A common baseline configuration for set of bushings mixing cones and barrels (in Orangatang Knucles setup for example) can be cupped washers in the rears for stability at high speeds and flat washers in the front to maintain turnability (Knuckles comes with cupped washers for cones and barrels).
In our setups, we used cups washers with barrels both in front and rear for the cruisers, and flat washers with Eliminators HPF bushings from Venom for high-speed longboards like the Wasp. On standard non-electric skateboards (cruisers or technicals stake boards) not intended to downhill or high speed, we use cups washers with a combination of barrels and cupped bushing.
Configure and install your bushing
Bushing tuning is highly complex but a resource for a lot of improvement of you board behavior. It is possible to mix any type, shape, urethane formula or hardness of bushings. You can even mix different bushings on the same trucks (this choice of bushing configuration is called a “synthetic split”). In the next paragraphs, we will study different bushing configuration to understand how to define a proper bushing setup.
Synthetic split bushing configuration
If you have a look at a Solo board from Unlimited x Loaded, you will see a different color for bushings of fronts truck and bushings of back trucks. In front, they are orange, in back they are yellow. All bushings on this setup are maintained in place by cups washers.
Other boards like Boosted ones have a symmetrical setup. The trucks from some vendors like Flipsky also come with symmetrical setup and unknown origin bushings.

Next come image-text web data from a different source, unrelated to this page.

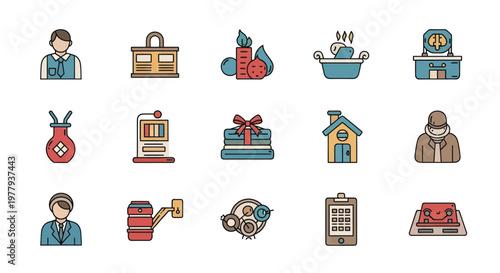 Modern Flat Icons Set: Business, Health, Home, and Leisure - Vector Illustration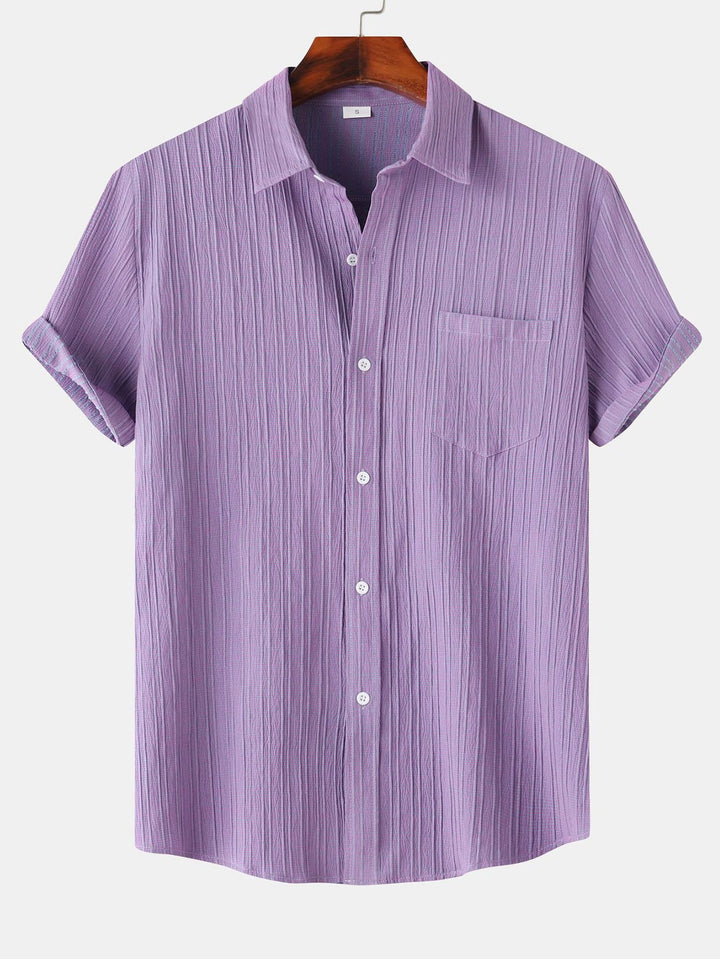 Light Purple Half Sleeve Striped Texture Premium Shirt
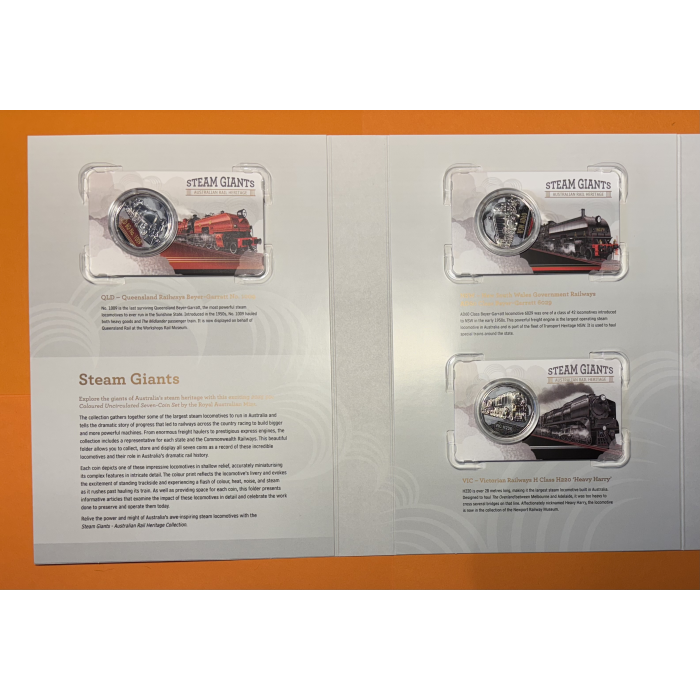 2025 Steam Giants Folder with 7 x UNC Coloured 50c Coins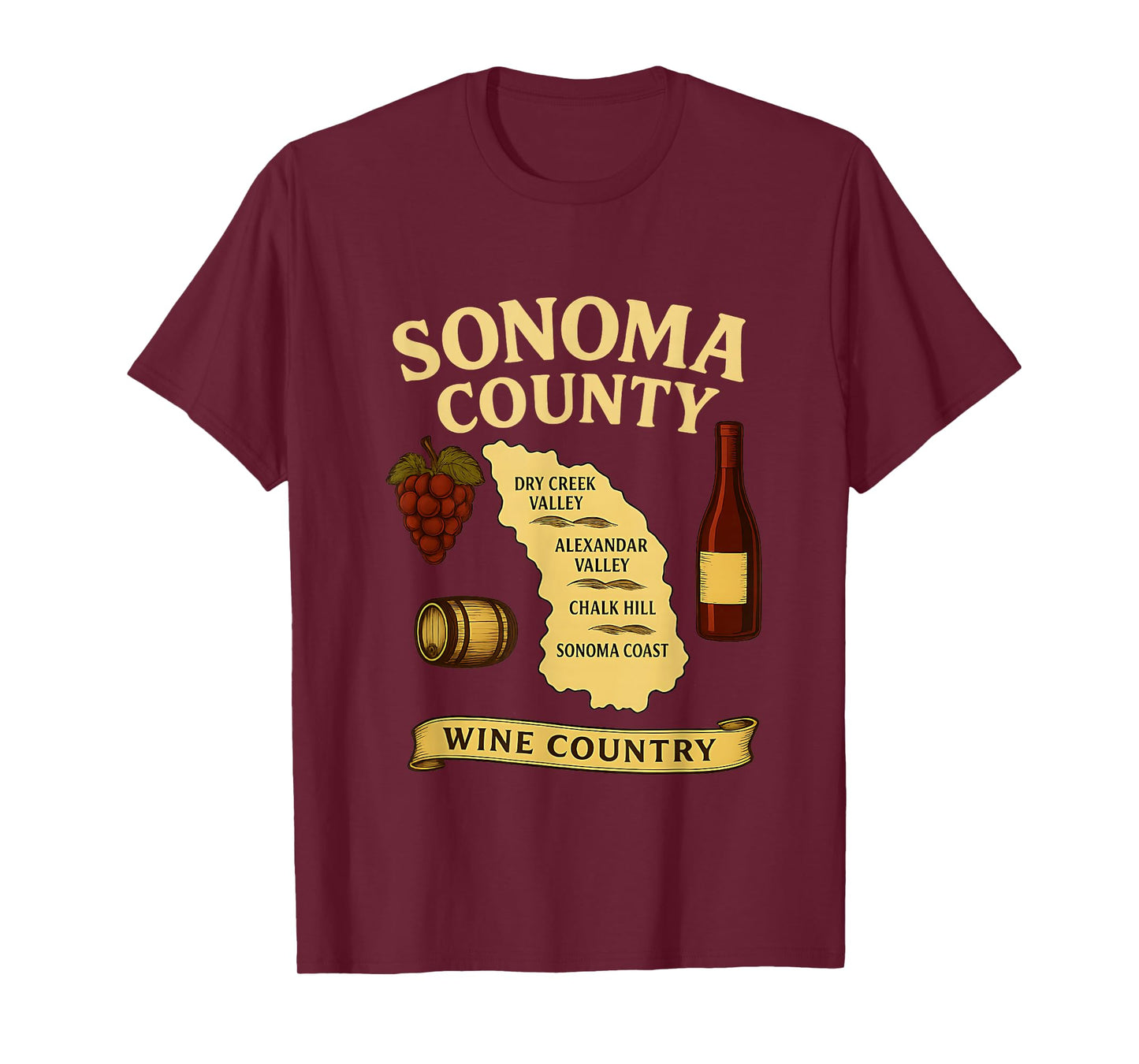 Sonoma County Wine Country Map California Vineyard T-Shirt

For low speeds and carving, a symmetrical setup is fine, but not for higher speeds where stability becomes as important as maneuverability, Electric skateboards are all capable of speeds up to 35 Kph (21 Mph) and over: the capability of a downhill longboard. That’s why you should not keep trucks (including Caliber or Paris ‘compatible trucks’) with unknown origin bushings: most of those are not made to sustain safely high speeds available with electric skateboards. And that’s the reason why Unlimited x Loaded decided to assemble the Solo with a synthetic split set: to allow the front to turn easier than the rear while maintaining stability at high speed.
And that’s why you should replace unknown origin bushings equipping so-called Caliber or Paris compatible trucks: most of those bushings are not made to sustain safely high speeds available with electric skateboards.
The design of the Solo includes bushings from Orangatang (designed by Loaded) : Nipple Bushings are used, the soft 85a (orange) for the front, and the harder 89a (yellow) for the rear. The name Nipple used by Orangatang is only the commercial designation for the double barrel bushings of the brand.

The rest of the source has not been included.